**What to produce:** If the records below hold pictures, omit them, and print exactly the lines from the first line through the line containing "Discovering Dong Thap", inclusive.

**The input:**
====================

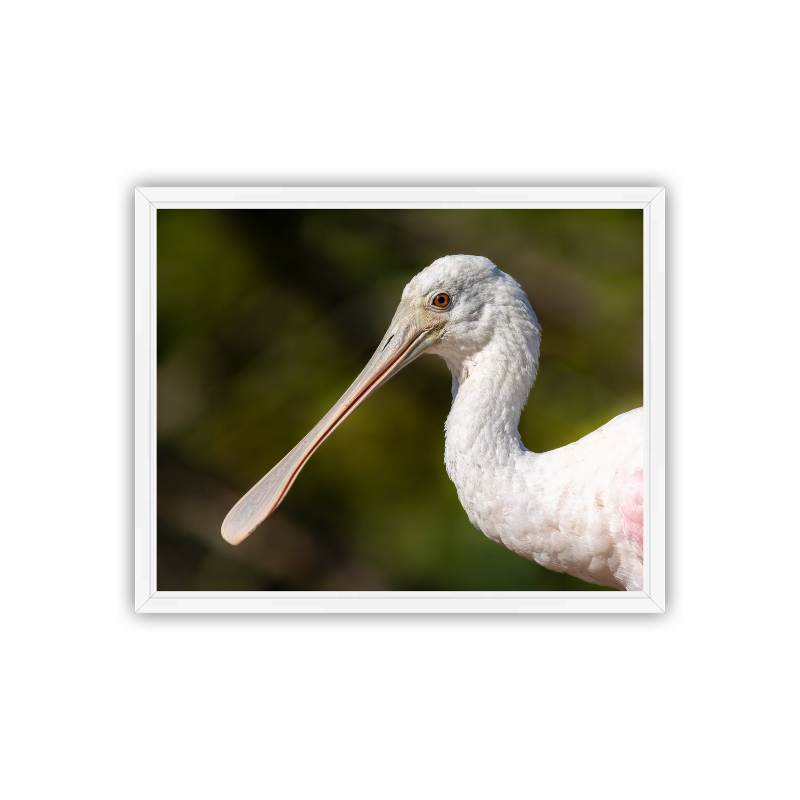 Close-up profile portrait of a young Roseate Spoonbill, showing its pale pink plumage and smooth, light bill, illuminated against a dark green background.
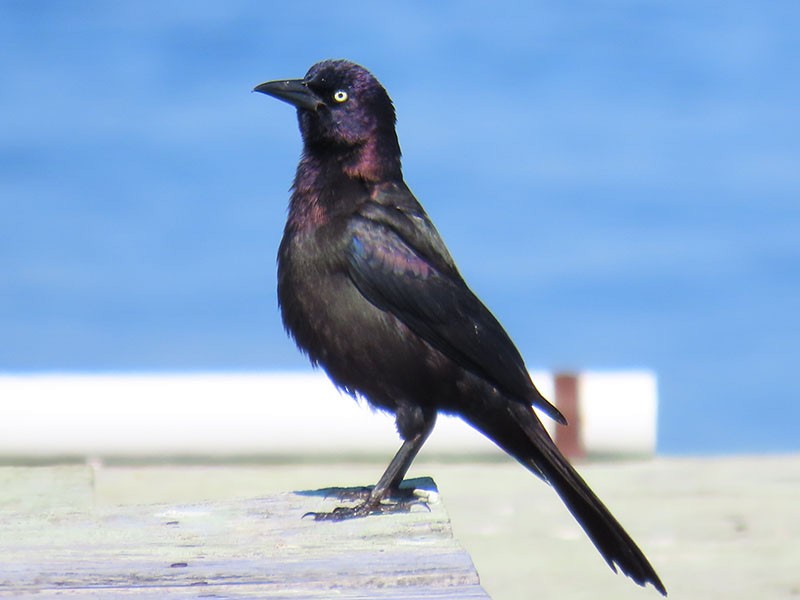 Boat-tailed Grackle - ML620308620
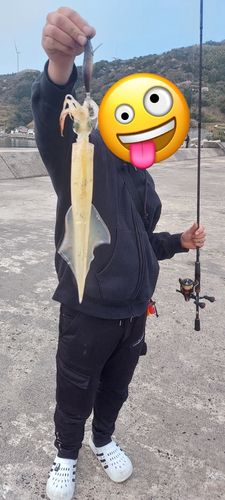 ヤリイカの釣果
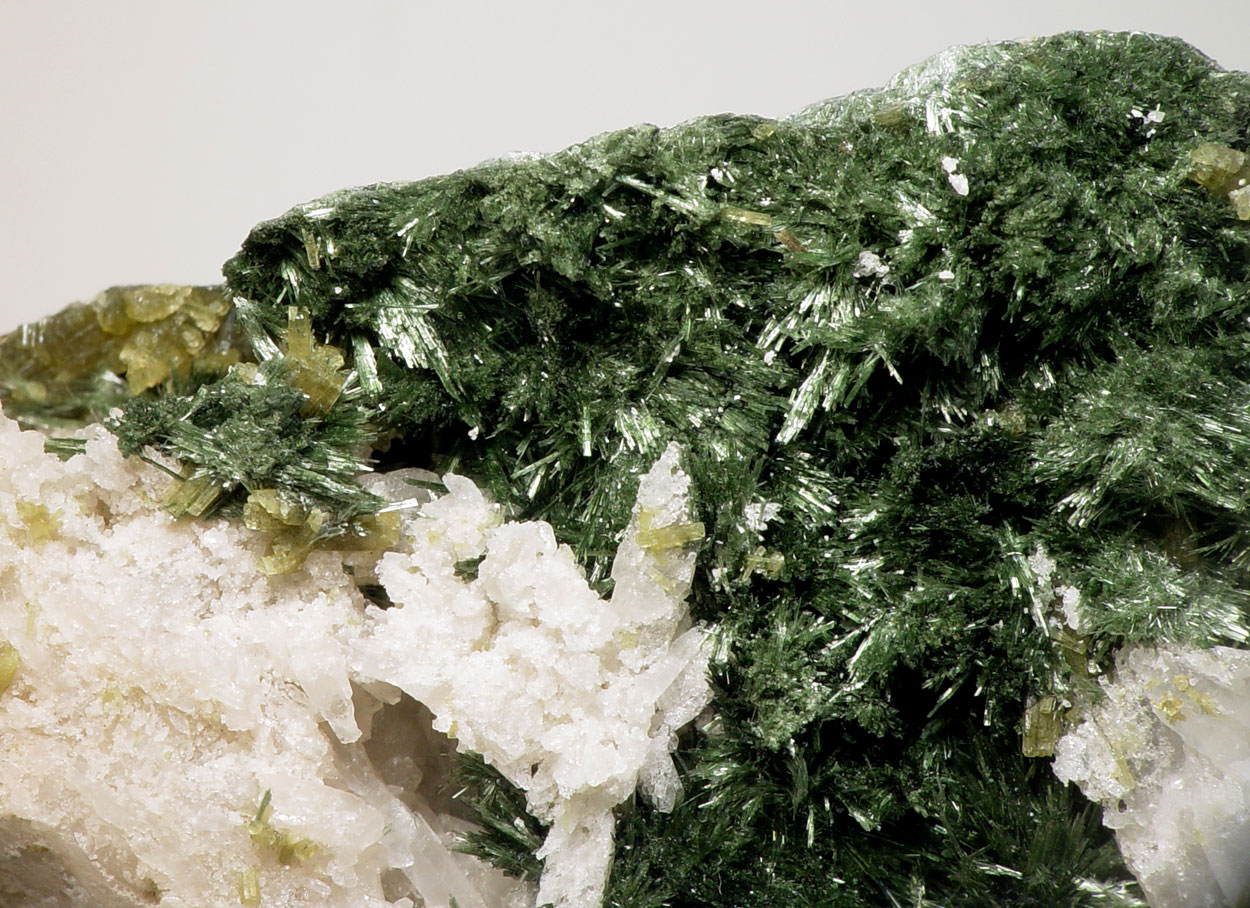 Pyrosmalite-(Fe) & Hedenbergite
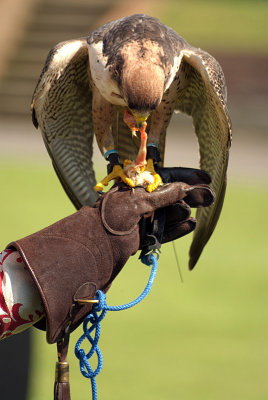 Lanner Falcon Perched on Falconer's Glove - Falco Biarmicus 15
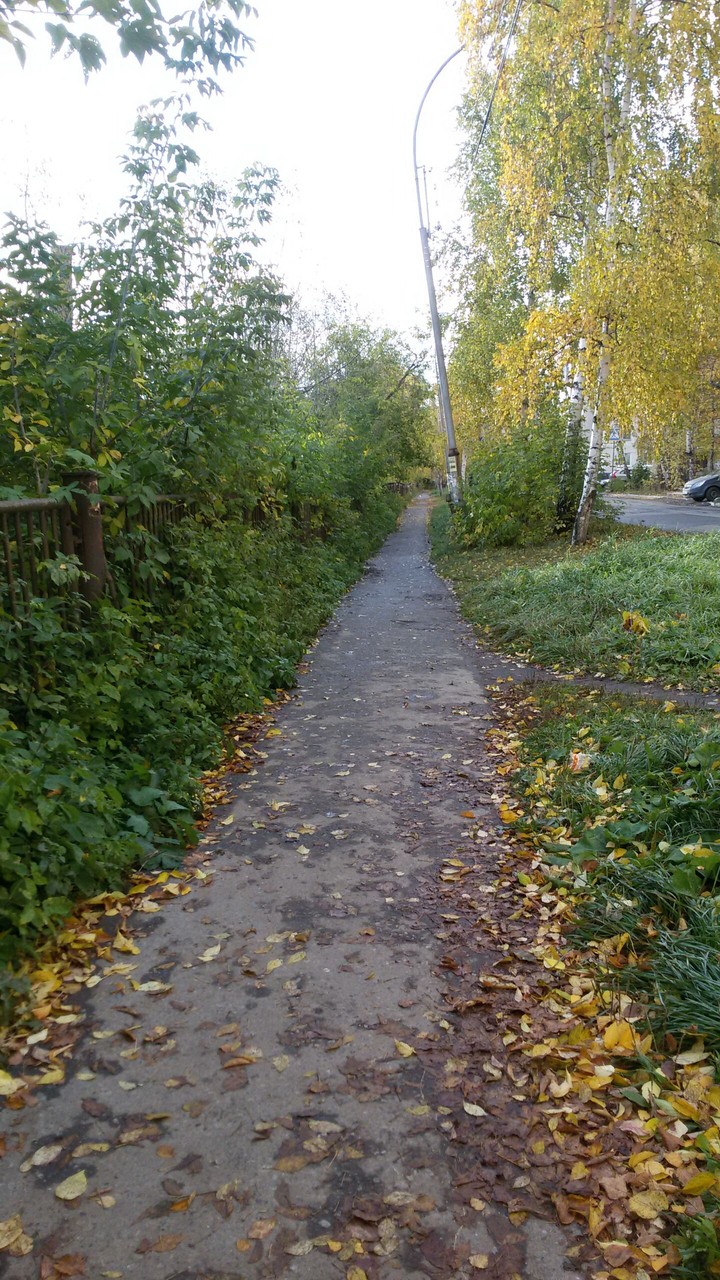 дорога
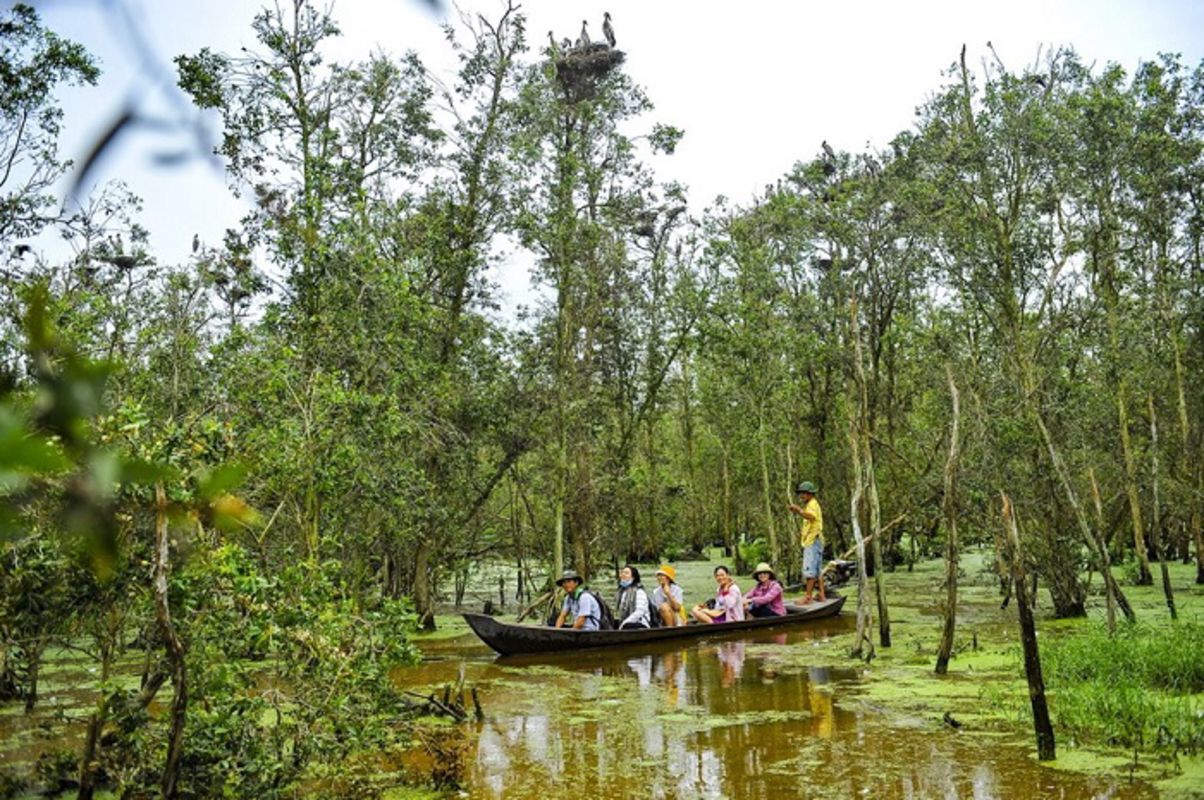 Discovering Dong Thap province on a boat trip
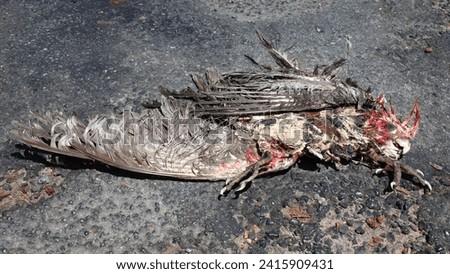 Carcass of galah on a asphaltbitumenhot-mix road, which was killed due to a collision with motor vehicle Royalty-Free Stock Photo #2415909431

====================

**Written answer:**
 Close-up profile portrait of a young Roseate Spoonbill, showing its pale pink plumage and smooth, light bill, illuminated against a dark green background.
 Boat-tailed Grackle - ML620308620
 ヤリイカの釣果
 Pyrosmalite-(Fe) & Hedenbergite
 Lanner Falcon Perched on Falconer's Glove - Falco Biarmicus 15
 дорога
 Discovering Dong Thap province on a boat trip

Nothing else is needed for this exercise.